Most Machine Learning applications have focused on static problems, e.g. classification or regression. However, the majority of real-world problems are dynamic, such as videos recording everyday activities and events, or videos of scientific recordings. Hence, the project's overall objective is to learn true dynamics from observation data.
- Why is it important for society?
Learning from data is becoming increasingly relevant with AI being used in climate, molecular dynamics, or robotic models. What is more, static data and models trained on them are generally easier to control. The reason is that they correspond to much smaller amounts of data and it is easier to do a near exhaustive examination of the model behavior. However, as we move to dynamic data, the same models are not a good fit because the assumptions made for static data (limited number of appearance variation, limited number of correlation patterns, near-stationarity) is not guaranteed. This means that not only existing models in the literature will not work well but also that it would be harder to ensure their safety and reliability. As in the recent years, both at the scientific and societal (EU, World) level there is an increasing care for AI safety, it is important to have reliable models for dynamic data, which comprise the vast majority in real life.
- What are the overall objectives?
The ob in this project can be divided into temporal machine learning objectives, temporal computer vision objectives, and temporal AI safety objectives.

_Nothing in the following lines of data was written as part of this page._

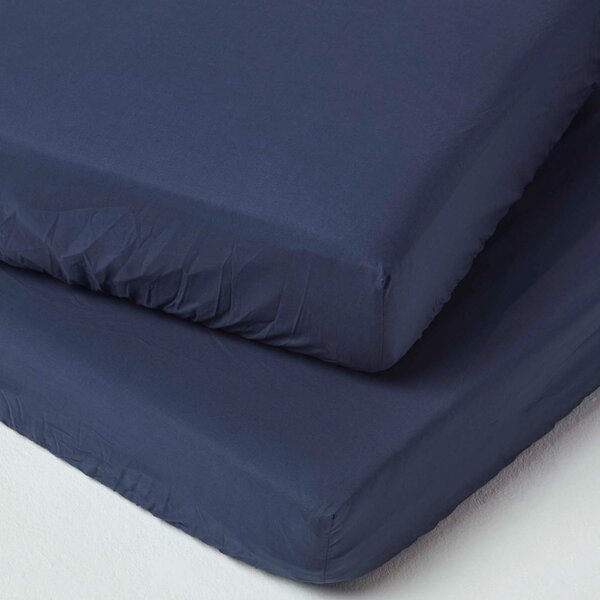 Homescapes Pair of Navy Cotton Cot Mattress Fitted Sheets 200 TC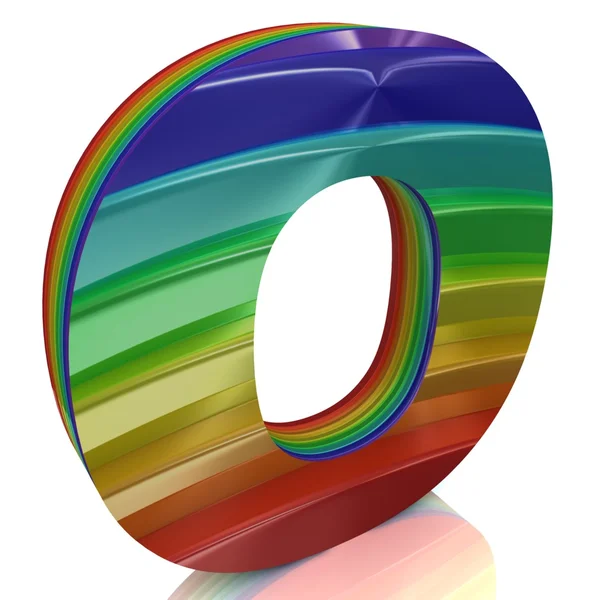 Carta O do alfabeto do arco-íris da pele — Fotografia de Stock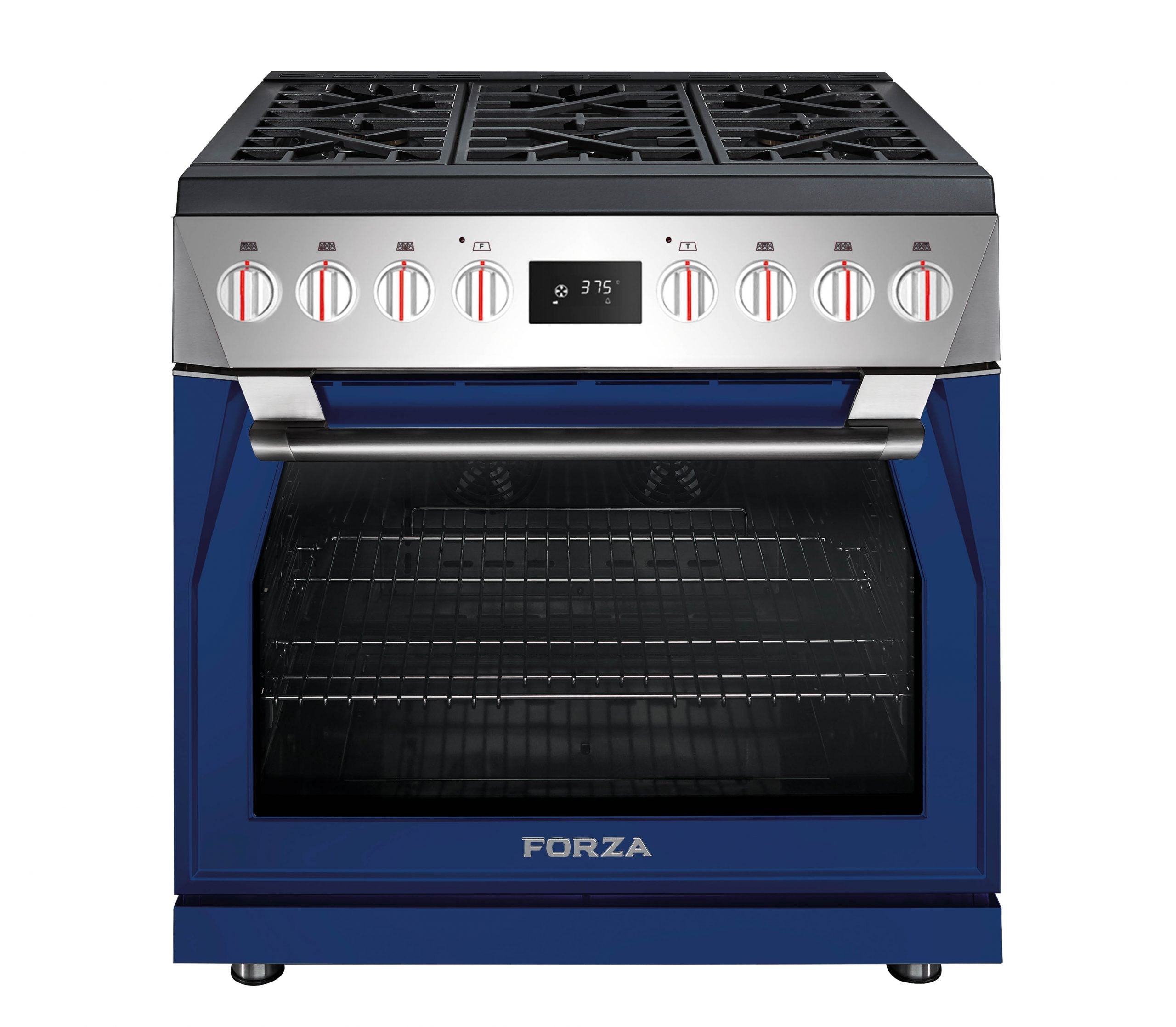 36-inch dual fuel range with stainless cooktop controls and Dinamico Blue oven door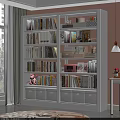 Modern White Multi Tiered Bookshelf With Books And Storage Boxes In Bright Room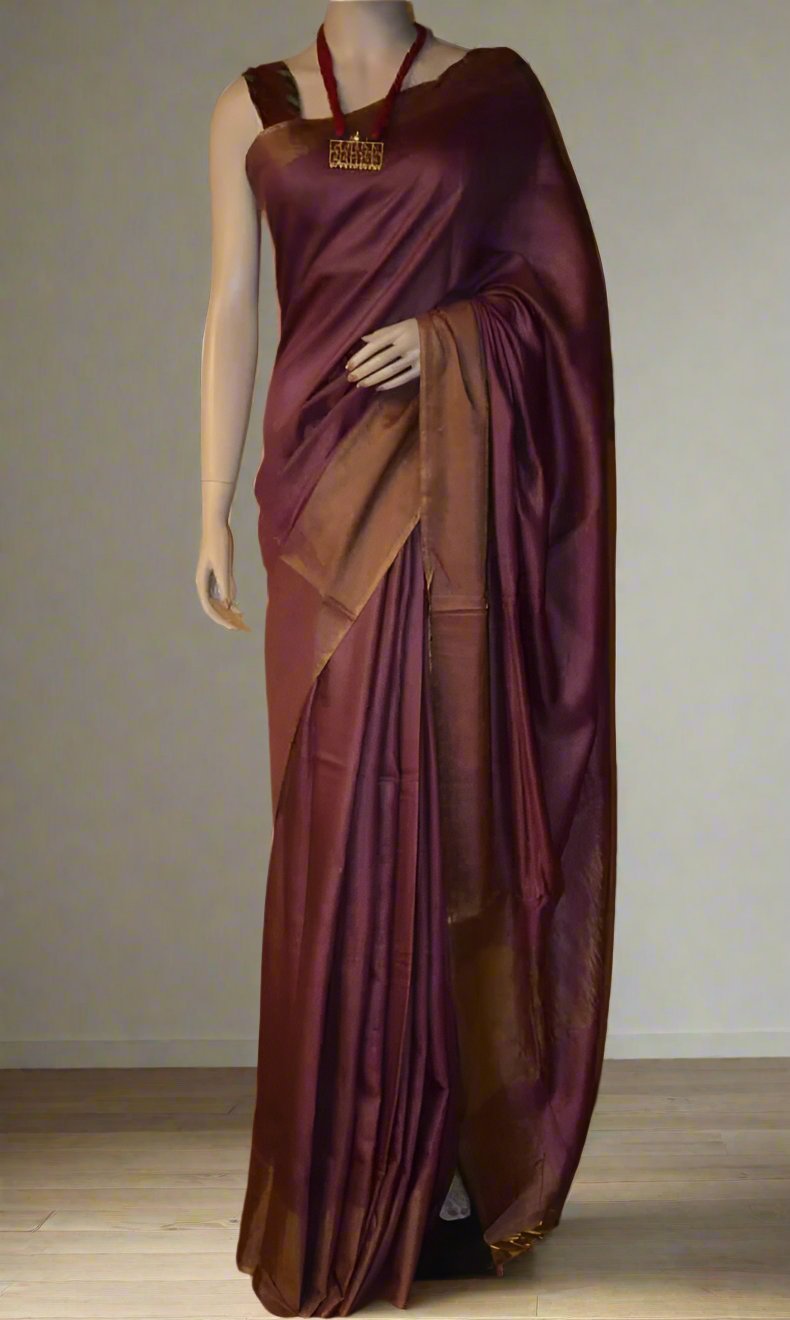 Plum Tussar Munga Silk Saree | Peepal Clothing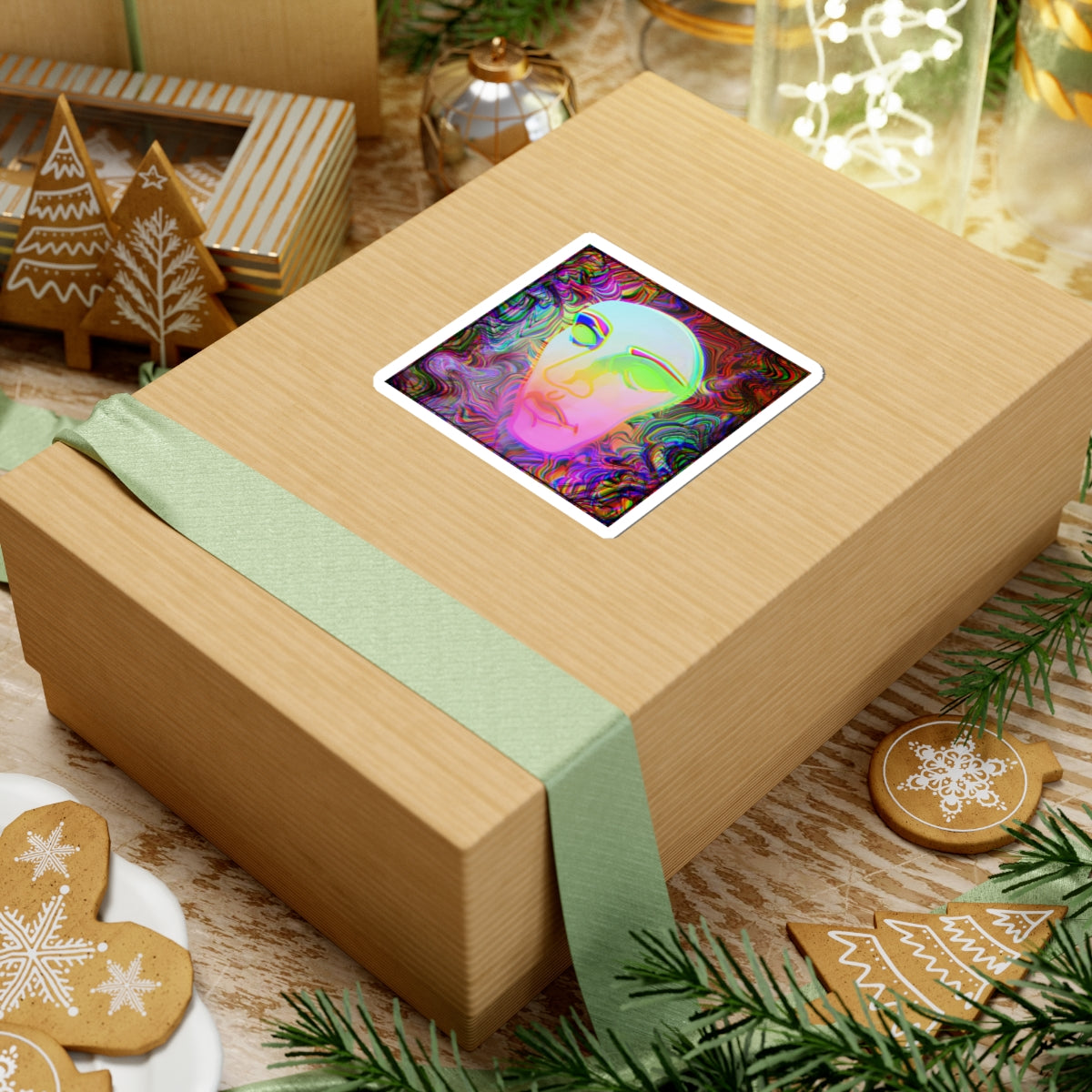 Psychedelic Face — Trippy Colorful Abstract Art Decal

Regarding temporal machine learning objectives, we will explore: learning dynamics (i) from a Bayesian perspective with informative priors; (ii) with continuous latent models that account for time invariant information; or learning a mixture of non-linear dynamics (iii) with transformer inspired dynamic’s slots. Regarding temporal computer vision objectives, with consumer videos recording events and activities, understanding all that is happening in the video is critical, from recognizing objects and their instances, to actions to events (complex actions) to interactions (actions between objects). Crux to that is Video Instance Segmentation (VIS) aims at segmenting and categorizing objects in videos from a closed set of training categories, lacking the generalization ability to handle novel categories in real-world videos. In terms of temporal AI safety objectives, to ensure control, the overall objectives include mechanistic interpretability and goal formation emergence.